Aug 06, 2012 05:48 AM EDT
UMich Joins GE and Ford to Develop Better EV Batteries
GE researchers are teaming up with Ford Motor Company and the University of Michigan to extend the battery life of Electric Vehicles.
The Advanced Research Projects Agency- Energy will develop a smart, miniaturized sensing system that has the potential to significantly extend the life of car batteries over conventional battery systems used in electric vehicles today.
Like Us on Facebook
"The car battery remains the greatest barrier and most promising opportunity to bringing EVs mainstream." said Aaron Knobloch, principal investigator and mechanical engineer at GE Global Research. "Improvements in the range, cost and life of the battery will all be needed for EVs to be competitive. With better sensors and new battery analytics, we think we can make substantial progress at increasing battery life. This, in turn, could help bring down its overall cost and the cost entitlement of buying an electric car."

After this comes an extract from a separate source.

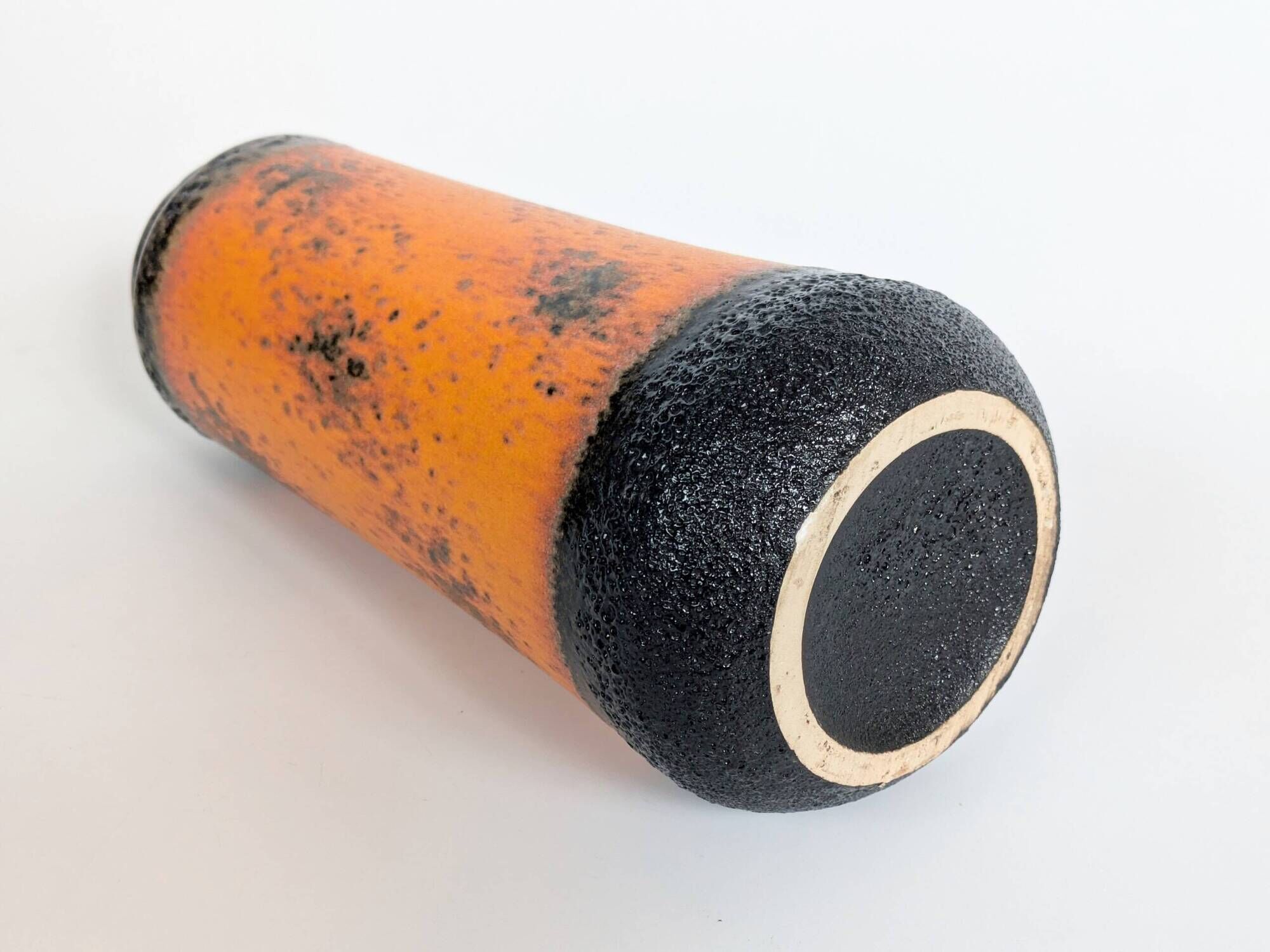 Vintage Scheurich fat lava vase, model 206, West German ceramic.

According to the press release, today's sensors on EVs and plug-in hybrid vehicles measure the health of the battery by looking at factors such as its temperature, voltage, and current. However, these measurements provide a limited understanding of a battery's operation and health. Hence, ARPA-E project will develop small, cost effective sensors with new measurement capabilities.
Due to their small size, these sensors will be placed in areas of the battery where existing sensor technologies cannot be currently located. The combination of small size and ability to measure new quantities will enable a much better understanding of battery performance and life.
A group of scientists from the University of Michigan, led by Anna Stefanopoulou, a professor of mechanical engineering, will use the data generated by GE sensors to verify advanced battery models. They will ultimately create schemes that use instantaneous sensor data to predict future battery-cell and battery-pack behavior.
"The big challenge is to make battery management programs adapt and work fast," said Charles Monroe, a chemical engineering professor on the University of Michigan team.
The goal of this three-year $3.1 million program is to demonstrate a working sensing system in an actual electric vehicle.